Where Automated Removal Breaks Down
Current automated filler word removal tools work well on clean, close-mic recordings with good room treatment and a consistent noise floor. On recordings with background noise, significant room reverb, or multiple overlapping voices, the detection accuracy drops and the edit artifacts become more audible. Specifically:
- Hesitation markers immediately followed by breath sounds — removing "um" and leaving the breath creates an artifact worse than the filler itself
- Filler words that overlap with the other speaker's laughter or response — the removal window intersects audio that belongs to the conversation
- Hesitation markers where the speaker sustains vocal energy through the filler into the next word — cutting the "um" creates a pitch discontinuity because the speech was already starting
- Recordings where the noise floor includes HVAC, electrical hum, or street noise — the edit seam between the removed filler and the retained audio is visible as a spectral change
Multi-track recordings (separate tracks per speaker) provide dramatically better removal results than single-track mixes because each speaker's filler words can be detected and removed on their own track, with the other speaker's audio untouched. A guest tracked remotely via Zencastr or Riverside with a clean local recording gives you good removal candidates. A guest on speakerphone or a noisy remote connection does not.
Setting Parameters That Match Your Show Format
For network operators managing multiple shows with automated processing, the most practical approach is tiered parameters by format:
Interview shows with high-quality multi-track recording: aggressive Category 1 removal (um, uh), moderate Category 2 targeting (removing only isolated "like" and "you know" instances, not embedded ones), no Category 3 targeting. This produces clean audio while preserving host conversational voice.

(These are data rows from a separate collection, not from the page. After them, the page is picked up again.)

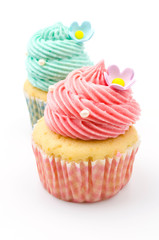 Vanilla cupcakes isolated white background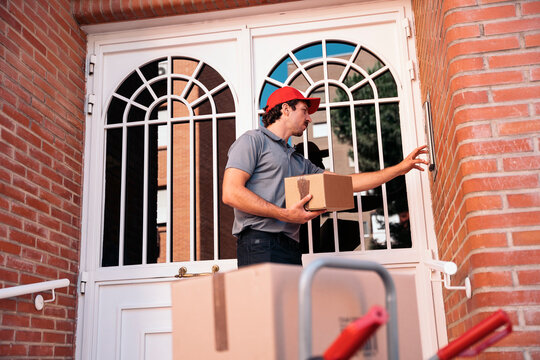 Delivery man ringing doorbell holding package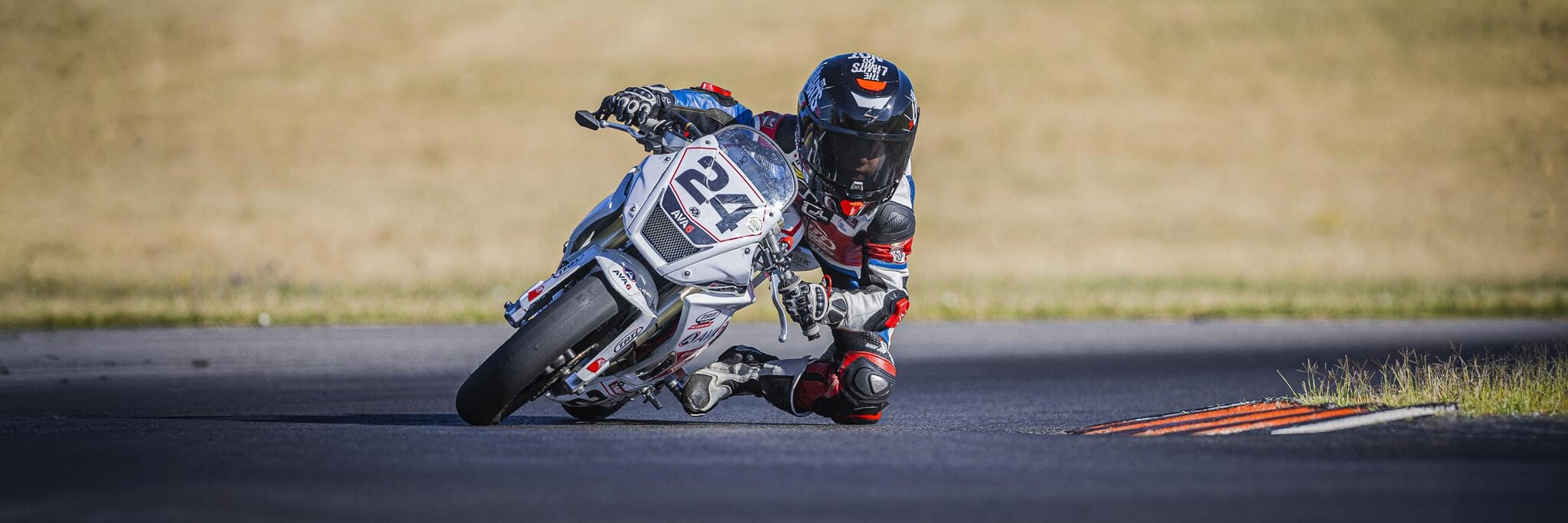 Pilote Mini OGP n°24 genou au sol en virage extrême sur le circuit de Muret, reportage moto par Frantz Meyers photographe sportif à Castres.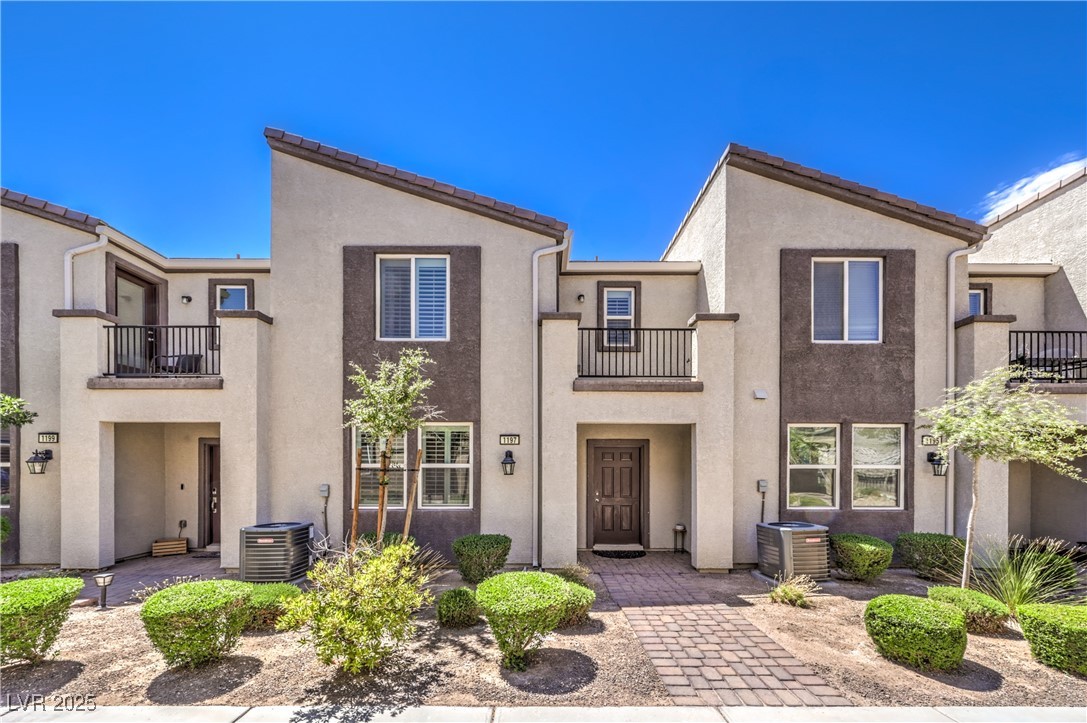 View of front of home with a balcony and stucco siding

Narrative and documentary formats: all three categories are candidates for removal, but with human review of the output before approval. Narrative audio needs tight editorial pacing, and automated removal is a useful first pass that a producer reviews rather than a final output.

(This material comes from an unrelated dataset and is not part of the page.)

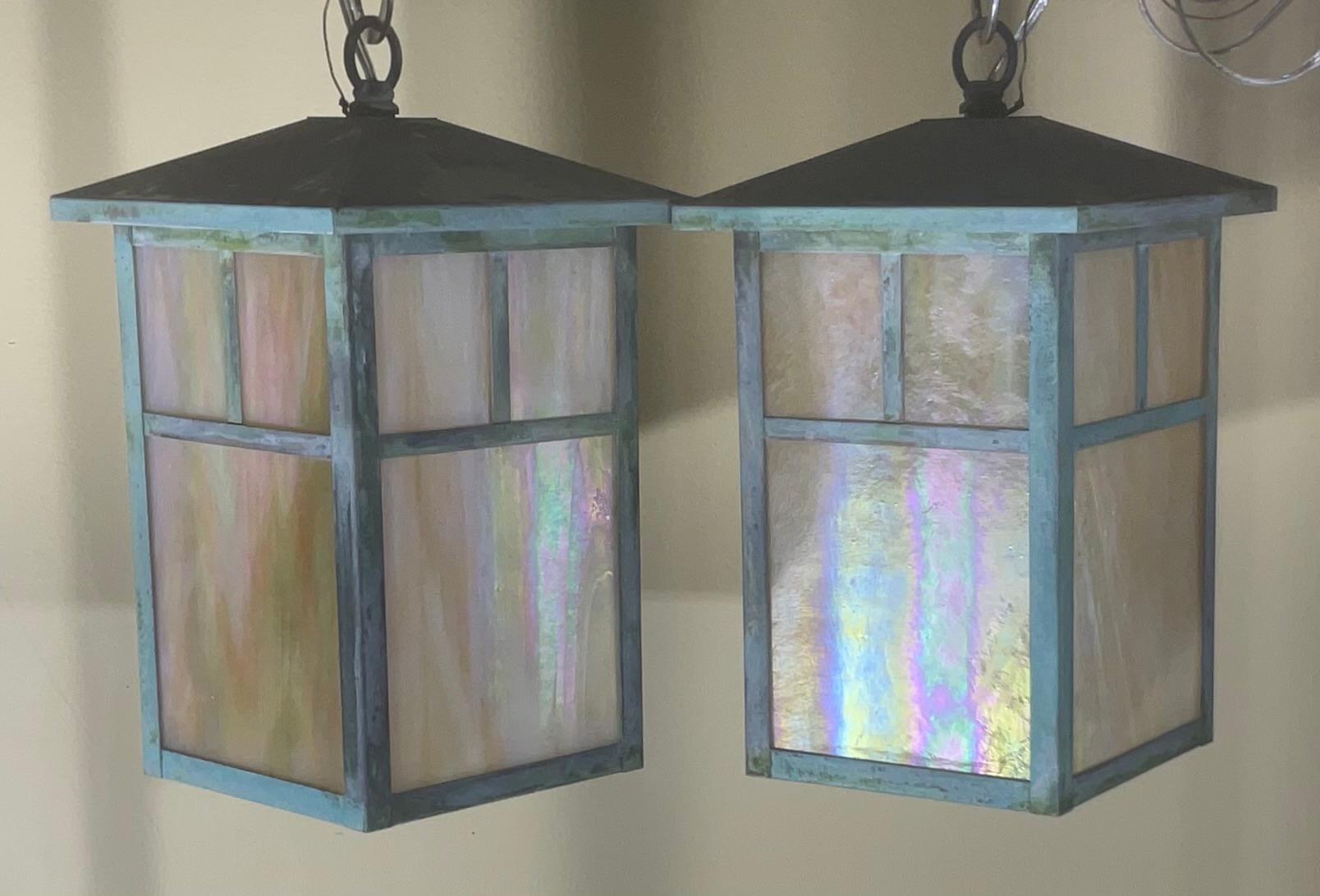  20th century Arts & Crafts pendant light in a lantern design. Features  textured beautiful art glass shades , one 60/watt light. Original nice patina.
Canopy is not included.
Will sale single light upon request.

Live-feel conversation formats: Category 1 only, moderate confidence threshold, with a listener check against the unedited version before publication. These shows trade some production polish for the sense of being in the room. Heavy processing destroys that.
Branded content: client expectations vary. Some brand podcast producers want maximum polish and will accept a more processed sound. Others are sensitive to host voice changes and prefer light processing. Align with the client during the production brief, document the setting, and apply consistently.
The Practical Quality Check
Whatever settings you use, the right QC workflow for filler removal is to listen to a 5-minute sample of the processed audio at roughly the 25-minute mark of a long-form episode. This is typically where episodes have the most natural conversation and where processing artifacts are most likely to surface. If you can identify edit points by ear in that sample, tighten the removal parameters — your confidence threshold is too low and you're cutting into good audio. If the sample sounds unnaturally rapid-fire with no natural pauses at all, your aggressiveness setting is too high and you're removing the breathing room listeners need to process information.
At network scale, this check should be part of the post-processing QC step, not an occasional audit. The 5-minute spot check adds about 7–8 minutes per episode to a production workflow but catches the majority of processing artifacts before they go to listeners. That's a reasonable trade-off for a network where audio quality consistency is a brand asset.